Historia Augusta

9 January 2012

Bust of Caracalla(Musei Capitolini)

The complete Historia Augusta has been up on LacusCurtius for seven years now, and in all that time the reader going to its orientation page will have read that there was an introduction by the Loeb editor, and a little section on the manuscripts — but that I hadn’t put them up, and would do so in the fullness of time.

Of course I quickly forgot about the missing items; yesterday must have been the fullness of time, and I had occasion to discover them again. They’re now up: Introduction and Manuscripts.

David Magie’s explanation of just how people consider the Historia Augusta a pack of lies is reasonably thorough and clear.
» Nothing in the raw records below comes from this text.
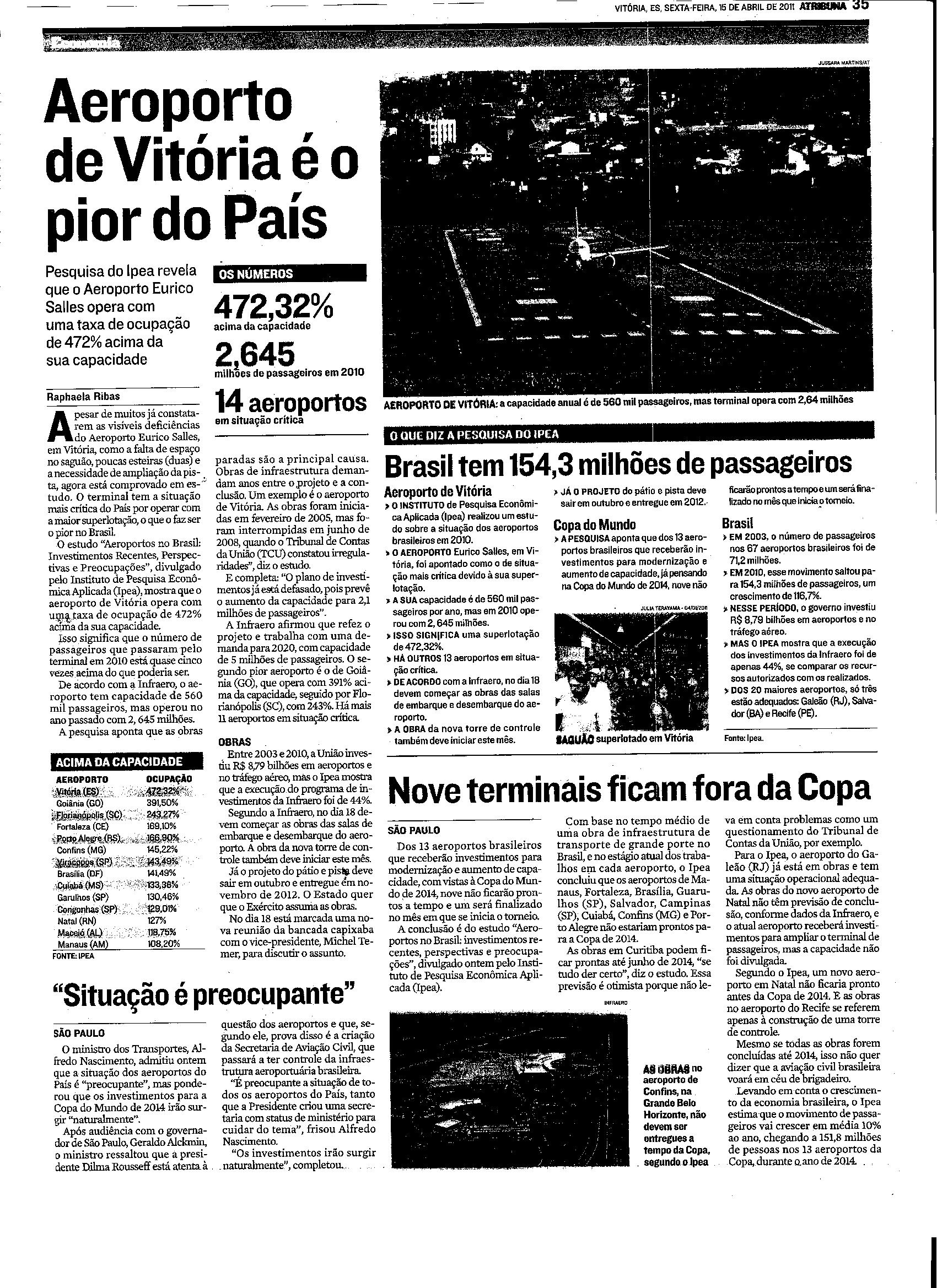 Aeroporto de Vitória é o pior do País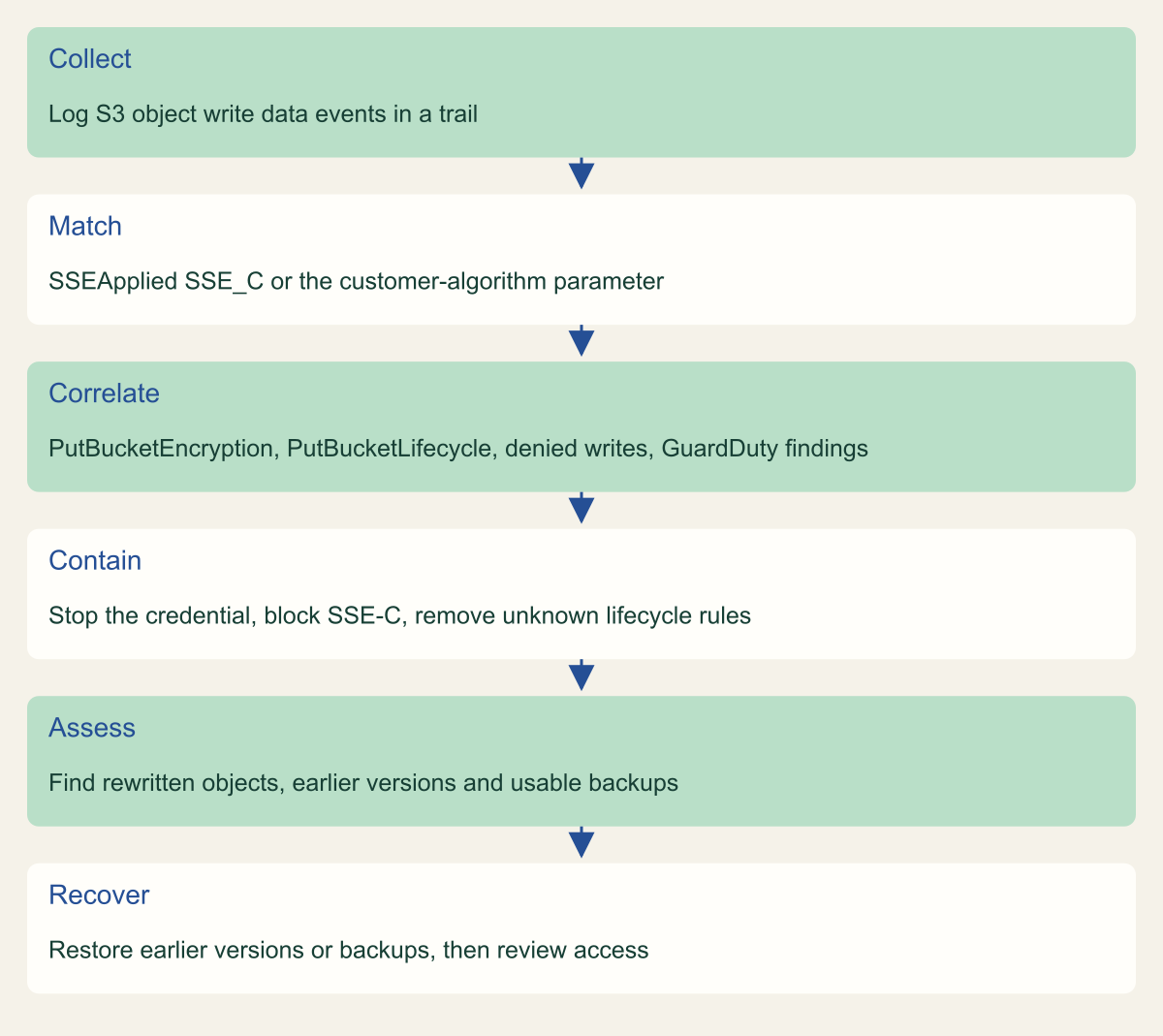 Flowchart of six steps: collect S3 write data events, match SSE_C or the customer-algorithm parameter, correlate with bucket changes and GuardDuty findings, contain by stopping the credential, blocking SSE-C and removing unknown lifecycle rules, assess rewritten objects, earlier versions and backups, then recover from earlier versions or backups.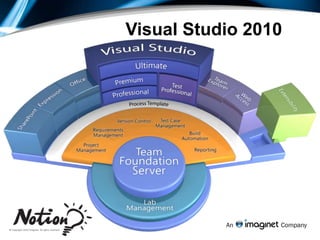 E-Mail:  edb@notionsolutions.com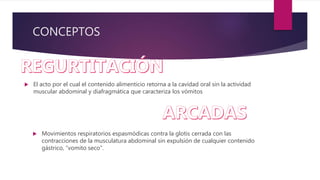 CONCEPTOS
 El acto por el cual el contenido alimenticio retorna a la cavidad oral sin la actividad
muscular abdominal y diafragmática que caracteriza los vómitos
 Movimientos respiratorios espasmódicas contra la glotis cerrada con las
contracciones de la musculatura abdominal sin expulsión de cualquier contenido
gástrico, “vomito seco".
 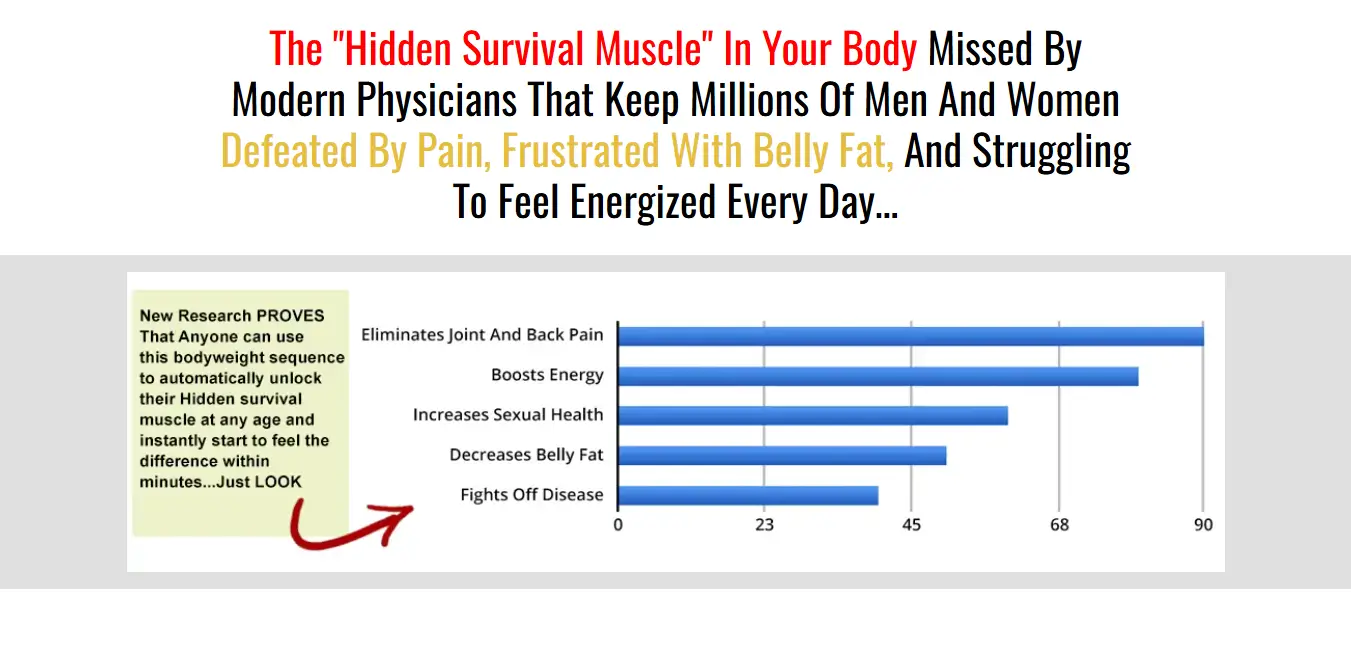 Screenshot of the Unlock Your Hip Flexors official sales page showing marketing headlines and product presentation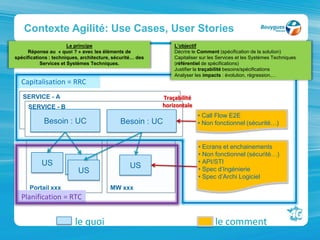 Contexte Agilité: Use Cases, User Stories
Capitalisation = RRC
SERVICE - A
SERVICE - B
Besoin : UC
• Call Flow E2E
• Non f...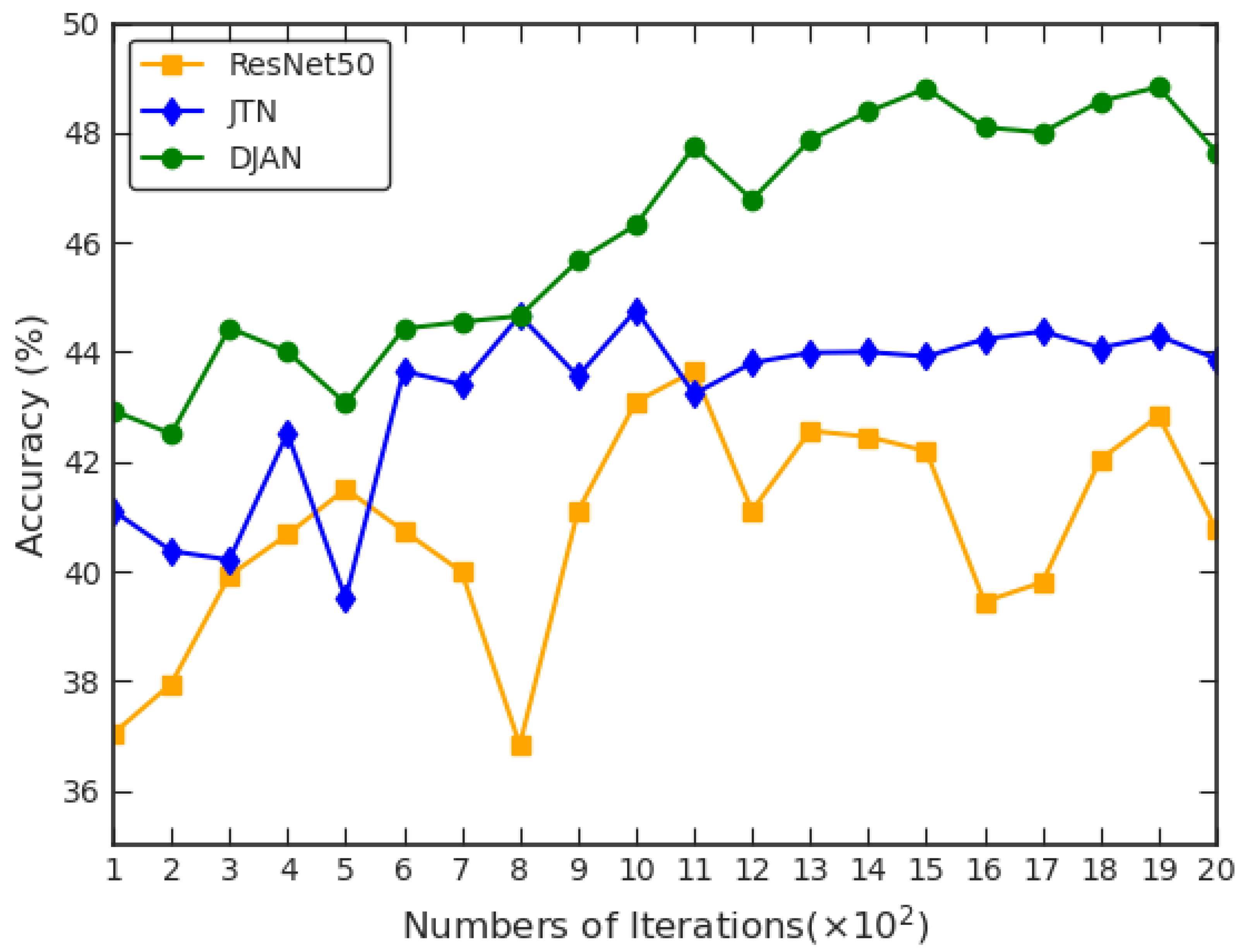 Animals 13 03333 g006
But the more useful and interesting explanation is in fact on Livius; though less complete and technically detailed, that’s still the one I recommend.


Review: A. Cameron, The Last Pagans of Rome (1)

18 June 2011

[This is the first part of a review of Alan Cameron’s The Last Pagans of Rome (2011)]

Cover

Bacurius was an officer in the Roman army of the fourth century AD. The church historian Rufinus calls him a Christian. He may be right: the two men had met in Jerusalem. Bacurius’ friend Libanius of Antioch, however, considered the officer a pagan. There may be an easy explanation, like conversion, but that’s not my point. Far more interesting than Bacurius’ religion is the question what modern historians would have thought if only Rufinus’ History of the Church had survived and Libanius’ letters were lost. I am quite sure that no one would have suspected that Rufinus’ information might have been incorrect. Bacurius would have been considered a Christian.

This example illustrates the central problem of the study of Antiquity: there are not enough sources. Researchers are not able to check whether their information is correct. The problem is sometimes identified with a proverb from Roman law: testis unus, testis nullus. Disagreeing sources are, therefore, any historian’s dream: finally a way to contrast evidence and check information.

Usually, ancient historians have only one source. Of course they ask – or should ask – which information might refute that one source, whether that information has ever been around, why that information no longer exists, and by which miracle the surviving source has come down to us. The ancient historian who believes that he has done his job by merely quoting a source, uses a method that is often called naïve positivism.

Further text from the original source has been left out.